Lydia et moi nous sommes promis de nous revoir chaque fois qu’elle viendrait à Paris. Mais nous n’avions plus grand-chose à nous dire. La magie avait disparu, je ne retrouvais plus l’enchantement des rencontres d’autrefois. Nos chemins se sont à nouveau séparés. Peu à peu Lydia a été noyée parmi les souvenirs de ma jeunesse.
Et pourtant… en 2012, le thème Rencontres a été choisi par le groupe d’écriture de l’APA (Association pour l’autobiographie) auquel j’appartiens. Je décide d’écrire un premier texte sur ma rencontre avec mon amie Lydia qui a tant représenté pour moi. Je jette quelques souvenirs sur une feuille, je relis La petite Bijou. Puis, par curiosité soudaine, dans l’espoir d’en savoir plus sur son enfance et sur sa mère dont elle ne m’a pas beaucoup parlé, je fais des recherches sur Internet. On trouve tout sur Internet. Des détails sur le film tourné en 1943, des photos de Lydia à 5 ans, au temps du tournage. Je suis ravie, émue même, je me sens plus proche d’elle, comme si je la rencontrais à nouveau. Je continue à naviguer. Ce que je découvre alors de site en site est ahurissant. Mais le parcours de la mère de Lydia n’appartient pas à mes souvenirs, et dans le cadre d’un atelier d’écriture autobiographique il n’a rien à y faire. J’ai cependant lu un ouvrage cité sur un site, j’ai acheté et visionné le film dans lequel la mère et la fille ont joué.

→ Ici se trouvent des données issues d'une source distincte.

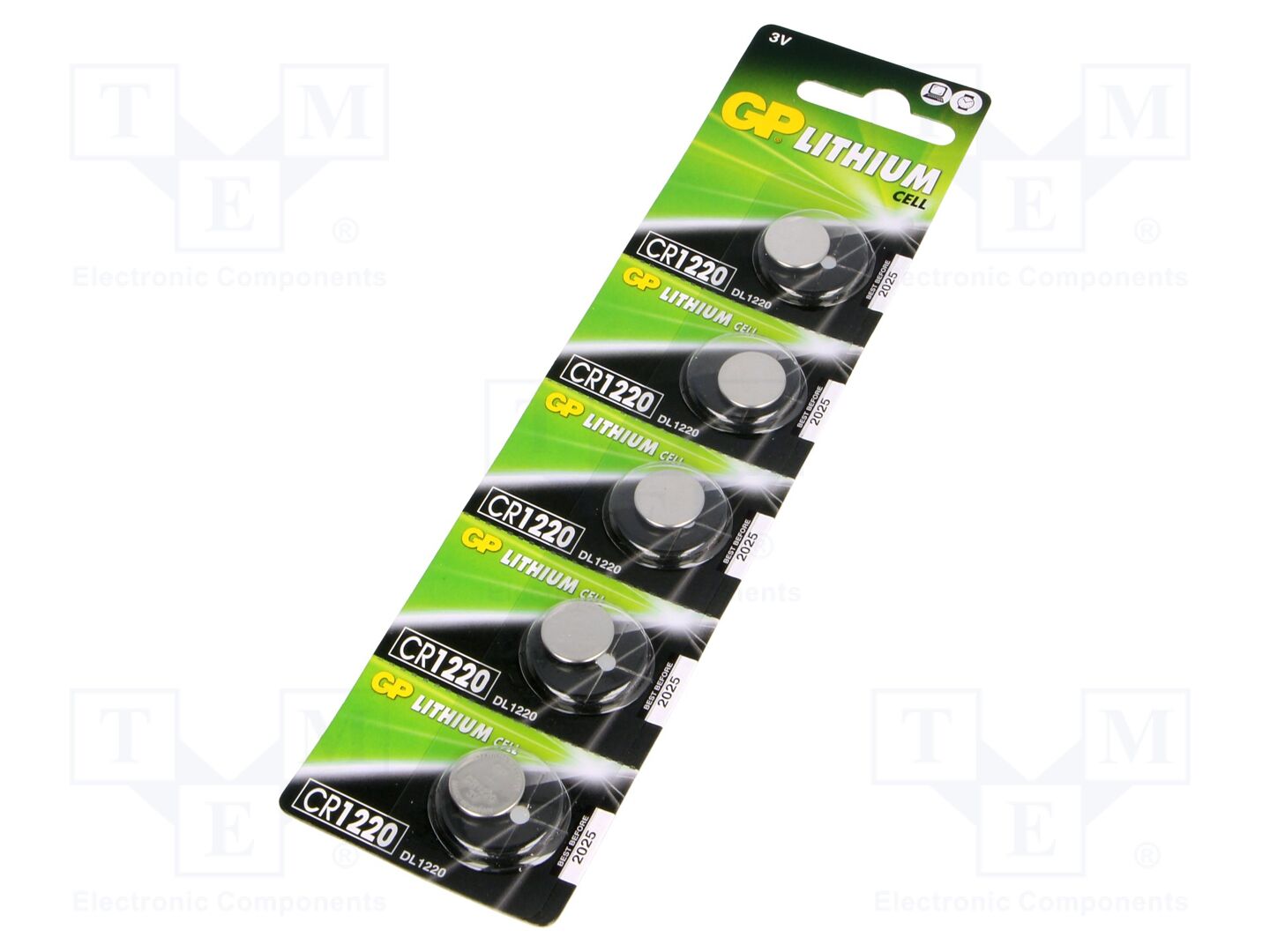 GP BAT-CR1220/GP-B5 Litiumparisto CR1220 3V 35mAh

Lydia était évasive au sujet de sa mère. Vivait-elle dans le déni ou dans l’ignorance ? Que sait sa fille qui se dit d’origine russe et américaine ?
Mais pourquoi, c’est la question essentielle, ai-je toujours été envoûtée par Lydia? J’ai dit qu’elle avait eu, comme moi, une enfance marginalisée quoique si différente. Ce n’est pas tout. Je réalise seulement maintenant ce pourquoi : toutes deux nous avions une mère au passé mystérieux. Lydia en connaissait probablement une partie, alors que je ne savais rien et ne saurais jamais rien de la mienne.